Bitcoin [BTC] fell below the $30k mark, and the $28.7k was a level of support that has held for nearly a month. Could Bitcoin be pushed lower, or will a reversal come into play? This would likely have an impact on ApeCoin [APE] in the hours to come.

A bounce upward could give a decent entry to a short position on APE, but patience could be required. Despite the bearish structure of APE on the charts, a push toward the $5.8-$6 area can not yet be ruled out.

APE- 4-hour chart

Source: APE/USDT on TradingView

The H4 chart shows a band of resistance (red box) that has consistently rejected the upward advances of APE over the past month. Therefore, it is likely that going forward, another rejection can be expected.

Fibonacci retracement and extension levels were plotted based on APE’s drop from $7.48 to $5.93 and showed the 23.6% and 61.8% extension levels to lie at $5.57 and $4.98. There is a long-term significant level of resistance at $5.95.

Over the next week, the $5.6-$6 could be revisited. However, it is a region of bearish dominion. Hence, a move lower could materialize once more.

APE- 1 hour chart

Source: APE/USDT on TradingView

On the H1 chart, an upper candlewick to $5.57 emerged in recent hours but it signified the strong selling pressure, which forced the price to move to ward $5.3 at press time. Hence, in the next few hours, a move to $4.98 could be likely.

Thereafter, it remains uncertain. APE could continue to push lower, or, it could see a bounce back to the $5.6 mark in search of liquidity before heading lower once more. Hence, patience would be key here.
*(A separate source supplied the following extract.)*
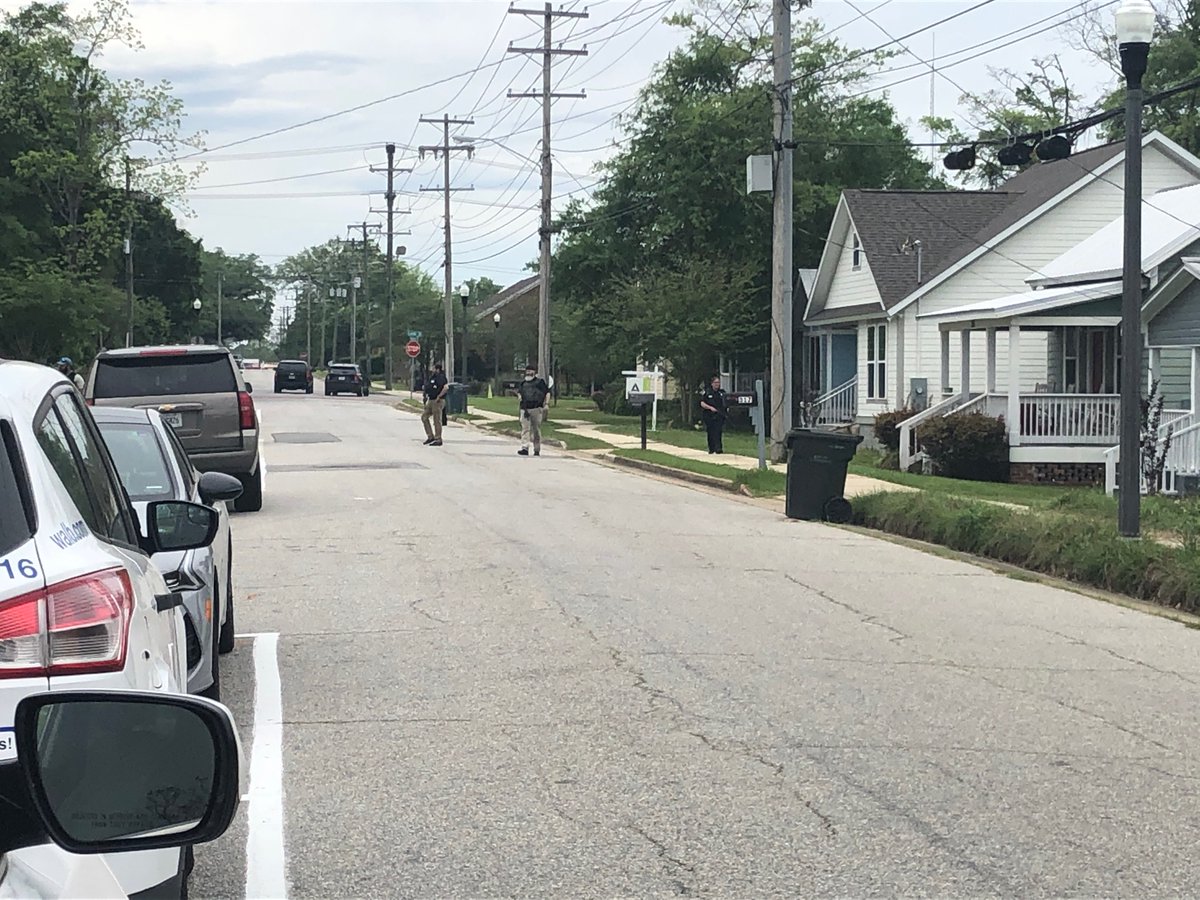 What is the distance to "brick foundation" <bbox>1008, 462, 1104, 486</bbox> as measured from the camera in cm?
2791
A pullback to the $5.6 area on this downtrend could be used to enter a short position, while shorts in place can look to book profit at the $5 level.

Source: APE/USDT on TradingView

The hourly Relative Strength Index (RSI) rose above the neutral 50 mark but appeared to be headed southward just as quickly. This formed a hidden bearish divergence as well and could be a signal that the downtrend is going to continue. Since this was an hourly chart, the divergence might not be as strong as on higher timeframes.
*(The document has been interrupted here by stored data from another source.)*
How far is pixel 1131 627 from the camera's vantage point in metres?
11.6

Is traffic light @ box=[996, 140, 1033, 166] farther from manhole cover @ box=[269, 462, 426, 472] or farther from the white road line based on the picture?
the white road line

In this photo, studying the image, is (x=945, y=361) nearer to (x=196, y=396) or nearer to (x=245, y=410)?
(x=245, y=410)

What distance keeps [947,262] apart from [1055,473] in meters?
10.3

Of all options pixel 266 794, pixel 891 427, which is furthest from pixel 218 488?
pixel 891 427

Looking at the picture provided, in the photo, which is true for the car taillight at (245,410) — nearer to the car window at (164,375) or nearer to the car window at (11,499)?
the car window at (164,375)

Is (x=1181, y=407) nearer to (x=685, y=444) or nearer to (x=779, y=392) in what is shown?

The Awesome Oscillator (AO) was also nearly at the zero line, and could crossover above the zero line in the coming hours. On the other hand, the OBV has been headed lower and lower, a clear sign of bearish pressure.

Conclusion
A revisit to the $5.6 area could offer a shorting opportunity, with the $5.6-$6 area being totally packed with resistance. To the south, the $4.98 and $4.4 levels can be used to take-profit on the shorts in the days to come.

At the same time, it has to be understood that APE has been quite volatile in the past, and a quick surge to $6 before new lows can not be discounted. Invalidation for this trade lies just above the $6.1 mark.